- [Aim of the task] In the entries below, find the line with "As you can see" and the line with "This video is". Reproduce those two lines and every line between them exactly, and nothing more.

Data section below:

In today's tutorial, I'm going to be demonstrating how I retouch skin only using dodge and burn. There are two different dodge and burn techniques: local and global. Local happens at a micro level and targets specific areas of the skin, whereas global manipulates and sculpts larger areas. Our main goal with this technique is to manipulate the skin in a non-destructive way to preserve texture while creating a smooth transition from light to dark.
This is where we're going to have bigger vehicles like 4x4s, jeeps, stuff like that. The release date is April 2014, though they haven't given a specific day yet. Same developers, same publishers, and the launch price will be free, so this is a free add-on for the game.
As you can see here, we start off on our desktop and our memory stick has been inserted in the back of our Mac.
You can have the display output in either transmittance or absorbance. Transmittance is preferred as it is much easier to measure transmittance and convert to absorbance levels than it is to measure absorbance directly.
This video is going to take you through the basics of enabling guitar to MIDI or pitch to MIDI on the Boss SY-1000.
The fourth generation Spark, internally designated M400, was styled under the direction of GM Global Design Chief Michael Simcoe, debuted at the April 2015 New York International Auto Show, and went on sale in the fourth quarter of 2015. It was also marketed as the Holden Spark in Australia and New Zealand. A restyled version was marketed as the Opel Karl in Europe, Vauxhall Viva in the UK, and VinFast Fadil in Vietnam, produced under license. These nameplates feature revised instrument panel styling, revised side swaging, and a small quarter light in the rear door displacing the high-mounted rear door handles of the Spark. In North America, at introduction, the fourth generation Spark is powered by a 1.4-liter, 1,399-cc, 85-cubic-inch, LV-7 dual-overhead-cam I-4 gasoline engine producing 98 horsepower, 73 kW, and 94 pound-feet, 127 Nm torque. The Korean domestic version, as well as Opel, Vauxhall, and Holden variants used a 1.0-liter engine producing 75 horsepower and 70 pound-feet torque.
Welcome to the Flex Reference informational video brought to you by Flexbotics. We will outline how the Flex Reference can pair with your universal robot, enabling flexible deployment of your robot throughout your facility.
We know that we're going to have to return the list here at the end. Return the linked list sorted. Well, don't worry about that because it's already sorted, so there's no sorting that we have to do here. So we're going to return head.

End of Data section.
Data section below:

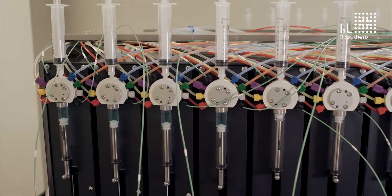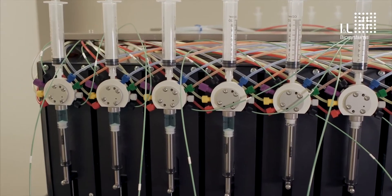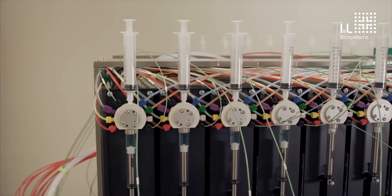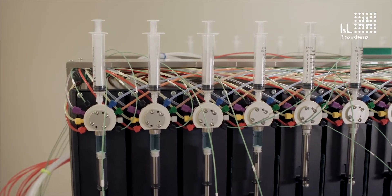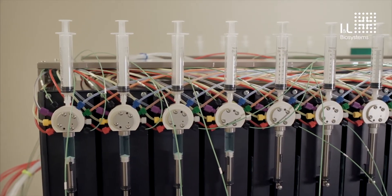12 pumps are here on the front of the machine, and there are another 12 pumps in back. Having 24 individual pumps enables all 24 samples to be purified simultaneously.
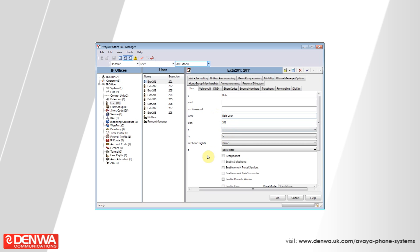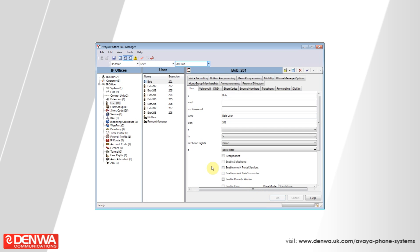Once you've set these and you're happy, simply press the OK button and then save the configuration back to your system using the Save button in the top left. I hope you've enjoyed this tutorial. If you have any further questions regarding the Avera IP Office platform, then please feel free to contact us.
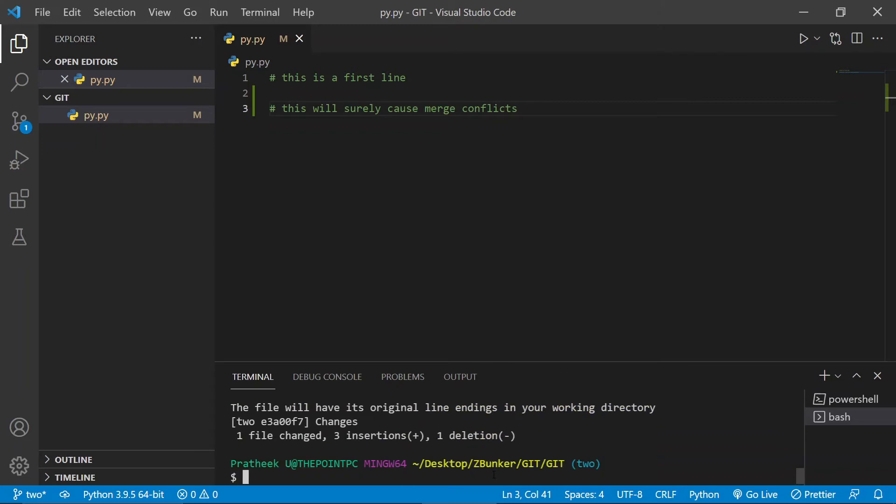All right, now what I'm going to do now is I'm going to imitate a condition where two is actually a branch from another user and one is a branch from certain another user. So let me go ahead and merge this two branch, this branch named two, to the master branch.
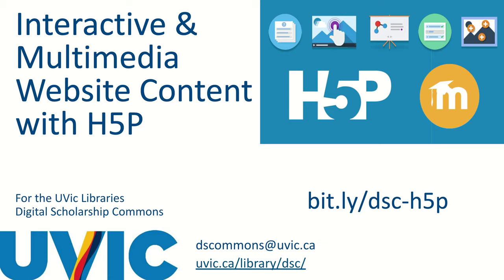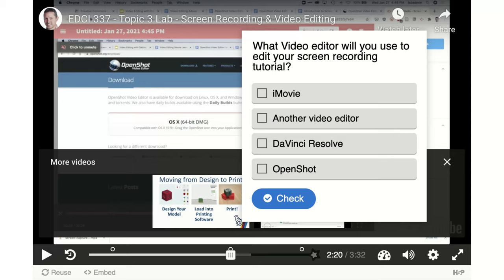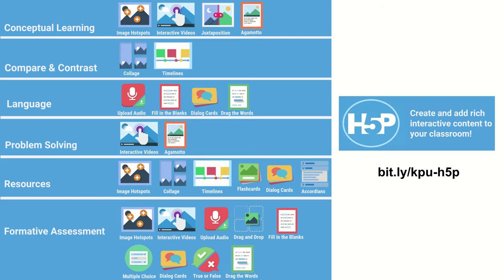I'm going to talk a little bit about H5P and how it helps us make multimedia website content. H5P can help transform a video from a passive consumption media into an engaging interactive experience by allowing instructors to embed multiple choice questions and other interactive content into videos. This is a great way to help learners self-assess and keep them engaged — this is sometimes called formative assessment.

End of Data section.

- [Finished exercise]
As you can see here, we start off on our desktop and our memory stick has been inserted in the back of our Mac.
You can have the display output in either transmittance or absorbance. Transmittance is preferred as it is much easier to measure transmittance and convert to absorbance levels than it is to measure absorbance directly.
This video is going to take you through the basics of enabling guitar to MIDI or pitch to MIDI on the Boss SY-1000.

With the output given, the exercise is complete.